1. Clone the repository

git clone https://github.com/David-cripto/IDLM.git
cd IDLM

2. Create an environment

To get started, create a conda environment containing the required dependencies.

conda create -n idlm python=3.12
conda activate idlm
conda install nvidia/label/cuda-12.4.0::cuda-toolkit
pip install -r requirements.txt
pip install flash_attn==2.7.4.post1

Checkpoints

IDLM-MDLM. Trained on OpenWebText:
- Huggingface🤗.
IDLM-MDLM. Trained on TinyGSM:
- Huggingface🤗.
IDLM-Duo. Trained on OpenWebText:
- Huggingface🤗.
IDLM-Duo. Trained on TinyGSM:
- Huggingface🤗.
IDLM-DCD. Trained on OpenWebText:
- Huggingface🤗.

Train IDLM

This section provides reference training entry points for unconditional OpenWebText distillation and conditional TinyGSM distillation. The scripts are written as Hydra override recipes, update the dataset cache and checkpoint paths before launching a run.

Unconditional OpenWebText Distillation

The OpenWebText recipes train IDLM students for unconditional language generation.

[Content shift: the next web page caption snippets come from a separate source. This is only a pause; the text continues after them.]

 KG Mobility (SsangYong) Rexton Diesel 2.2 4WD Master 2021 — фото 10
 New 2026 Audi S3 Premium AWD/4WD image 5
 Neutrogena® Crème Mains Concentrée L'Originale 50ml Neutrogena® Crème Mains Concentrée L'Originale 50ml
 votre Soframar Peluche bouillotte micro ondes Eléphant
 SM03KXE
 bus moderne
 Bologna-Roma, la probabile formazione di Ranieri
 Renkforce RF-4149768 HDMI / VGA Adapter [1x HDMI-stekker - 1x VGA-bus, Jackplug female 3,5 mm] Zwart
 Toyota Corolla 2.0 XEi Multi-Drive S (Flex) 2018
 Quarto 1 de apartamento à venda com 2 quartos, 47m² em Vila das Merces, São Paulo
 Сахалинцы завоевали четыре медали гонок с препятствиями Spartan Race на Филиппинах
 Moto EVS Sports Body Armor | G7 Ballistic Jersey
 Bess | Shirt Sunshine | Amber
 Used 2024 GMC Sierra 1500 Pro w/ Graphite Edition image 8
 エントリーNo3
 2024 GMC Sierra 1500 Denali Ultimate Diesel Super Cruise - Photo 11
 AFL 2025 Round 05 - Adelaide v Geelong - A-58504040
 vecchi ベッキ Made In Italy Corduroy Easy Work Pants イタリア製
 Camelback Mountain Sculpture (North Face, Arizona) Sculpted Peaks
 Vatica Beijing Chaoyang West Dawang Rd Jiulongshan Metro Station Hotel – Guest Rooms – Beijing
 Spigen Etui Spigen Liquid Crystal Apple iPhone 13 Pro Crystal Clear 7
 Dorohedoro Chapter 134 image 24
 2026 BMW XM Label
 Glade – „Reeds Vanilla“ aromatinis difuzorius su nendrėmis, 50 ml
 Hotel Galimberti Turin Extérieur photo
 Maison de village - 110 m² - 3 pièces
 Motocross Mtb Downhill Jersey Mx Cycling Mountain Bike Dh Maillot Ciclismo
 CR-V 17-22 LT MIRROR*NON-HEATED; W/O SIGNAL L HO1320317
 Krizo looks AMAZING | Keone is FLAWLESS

Before executing the scripts, configure the cache_dir parameter in configs/data/openwebtext-split.yaml to specify the desired output path.

MDLM teacher → IDLM-MDLM student

bash scripts/train_idlm_mdlm.sh

DUO teacher → IDLM-Duo student

bash scripts/train_idlm_duo.sh

DCD teacher → IDLM-DCD student

bash scripts/train_idlm_dcd.sh

Conditional TinyGSM Distillation

The TinyGSM recipes train IDLM students for conditional mathematical reasoning on TinyGSM-style question-answer examples. Before executing the scripts, configure cache_dir in configs/data/tiny-gsm.yaml and replace the training.finetune_path placeholder in each script with the corresponding pretrained teacher checkpoint. Our TinyGSM distillation runs use the teacher checkpoints from the S-FLM repository: MDLM for IDLM-MDLM and Duo for IDLM-Duo.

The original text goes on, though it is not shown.